A cosa penso quando corro - Let's dance
Mentre stai ricevendo questo brano nel tuo inbox, io starò correndo la mia Maratona di Ravenna, finalmente.
L’ultima settimana che mi ha condotto a questo evento - tanto insignificante per la Storia dell'Umanità quanto fondamentale per me - è stata una montagna russa emotiva.
Non sto esagerando, anche se messa giù così può sembrare drammatica, e un po' drastica.
Da un lato, la paura di allacciarsi le scarpe e scendere in strada a sfidare una distanza che non ho mai sentito lontana come in questa occasione - pur essendo al termine di una preparazione.
Dall’altro, la felicità e la gratitudine per avere anche solo la possibilità biologica di potermi cimentare in una prova come questa; la fiducia nei miei mezzi; la voglia di godermi una giornata di sport al massimo delle mie possibilità.
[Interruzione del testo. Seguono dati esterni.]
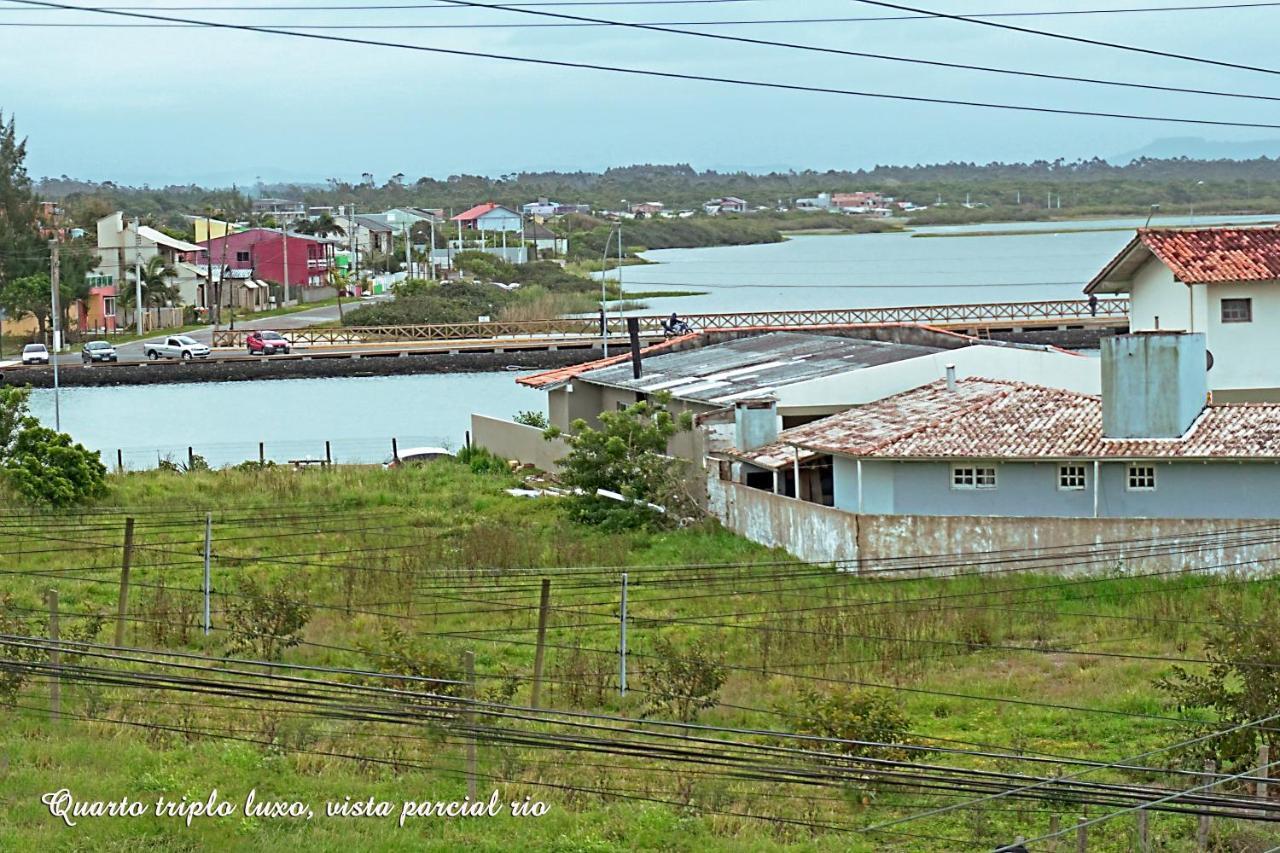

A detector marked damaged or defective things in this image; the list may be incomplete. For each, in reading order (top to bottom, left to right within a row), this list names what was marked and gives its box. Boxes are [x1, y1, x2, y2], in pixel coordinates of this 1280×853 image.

Ma visto che è facile giudicare il viaggio una volta giunti al traguardo: così nelle mie brevi corse settimanali ho riflettuto sul percorso che mi ha portato dove sono in questo momento.
Prossima gara: MARATONA DI RAVENNA - OGGI
Non abbiamo fatto nulla
Le interviste ai calciatori, agli allenatori e ai dirigenti delle squadre di calcio sono tutte uguali.
Nessuno è mai contento.
Ogni volta che mi capita di sentire un allenatore intervistato dopo una vittoria, nonostante i complimenti, la reazione è più vicina allo sconforto che altro:
«Abbiamo fatto una buona partita, ma non abbiamo guadagnato nulla se non vinceremo la prossima».
Il calcio - ma lo sport in generale - ci insegna sempre che la gara più importante è sempre la prossima.
Ho fatto mio questo insegnamento, per quanto possibile. Esso porta con sé certe cose buone, e certe cose meno buone. Bisogna mettere alcuni paletti ad alcune frasi, ecco.
Non accontentarsi se va bene; non piangersi addosso se va male. E fino a qui tutto bene. Grazie tante, il tipo di filosofia per cui mi sono iscritto.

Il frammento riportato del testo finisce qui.